How much electricity in the UK is currently generated by onshore wind turbines?
Onshore wind was the second biggest contributor to renewable electricity generation after bioenergy in 2018, representing 27.4% of renewable generation and 9.1% of all electricity generation. Electricity generation from onshore wind increased to a record 30.4 terawatt-hours (TWh) in 2018. The UK’s installed capacity of onshore wind power is 13.6 gigawatts (GW). Capacity has been boosted in the last few years by higher wind speeds and the completion of new windfarms. More than 1,000 onshore wind turbines were installed in 2017 with a capacity of 2,666 MW, as developers sought to take advantage of subsidies before they were withdrawn. In 2018 there was a significant decrease in onshore wind installations from the 2017 peak, with €0.5 billion of investment and 598 MW installed. Onshore wind is the cheapest form of renewable energy to generate within the UK.

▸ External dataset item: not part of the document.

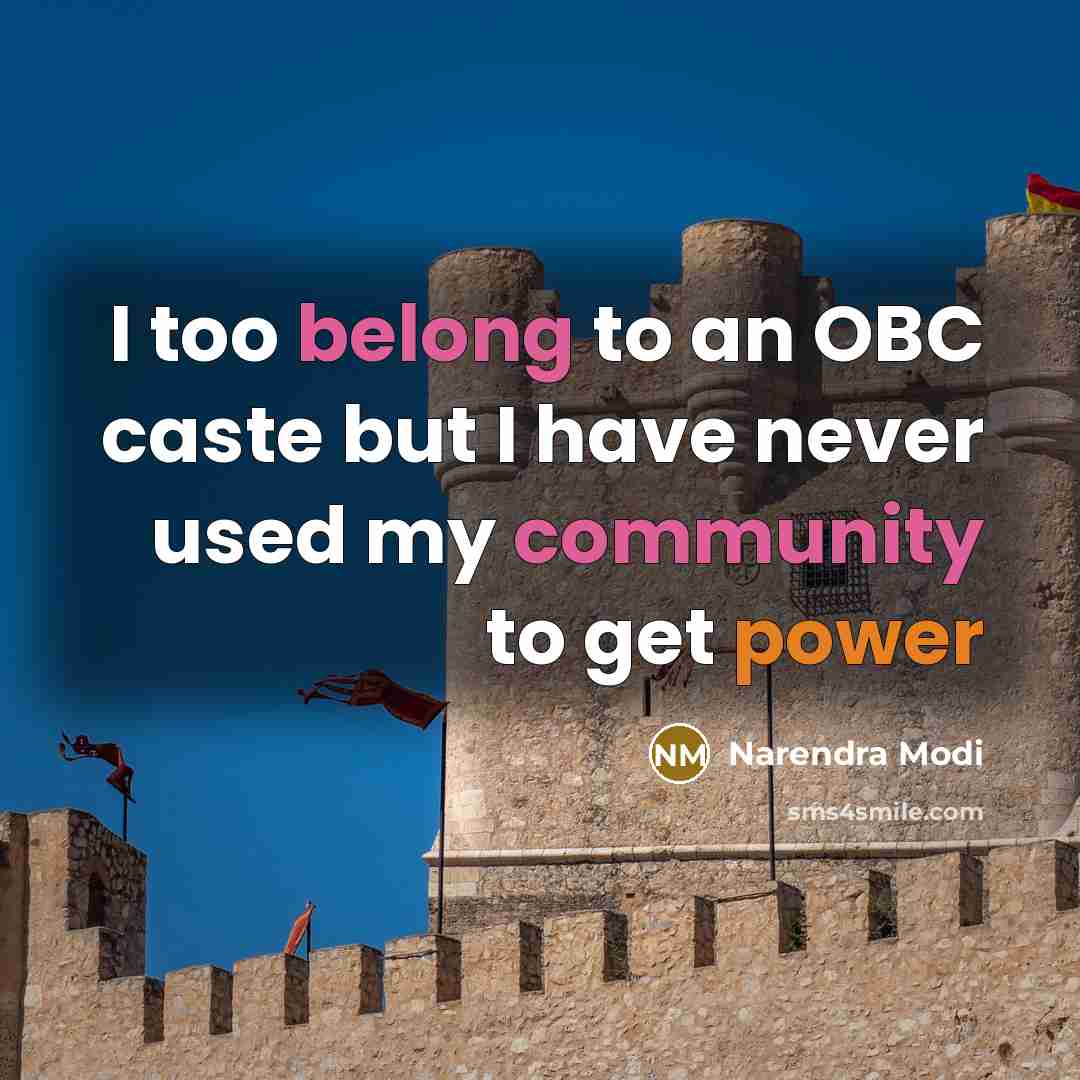 “I too belong to an OBC caste but I have never used my community to get power” quote by Narendra Modi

Where are onshore windfarms currently located in the UK?
Onshore wind turbines are located in areas with adequate wind speeds and in exposed locations free from obstacles like trees or buildings that can interfere with turbine performance. Particularly suitable wind speeds are found in Scotland, Northern Ireland and Wales.
According to the Department for Business, Energy and Industrial Strategy (BEIS)’s Renewable Energy Planning database, there were 707 operational onshore wind sites in the UK as of May 2018 – this includes sites with just a single turbine. Of the larger of these sites – those with over 50 MW of installed capacity – 77% are located in Scotland (calculated from BEIS data) and in 2016, almost half of the UK’s turnover from onshore wind activities was generated in Scotland (£1.5 billion). Whitelee is currently the UK’s largest onshore windfarm, located on Eaglesham Moor, near Glasgow. Its 215 turbines generate up to 539 MW of electricity a year.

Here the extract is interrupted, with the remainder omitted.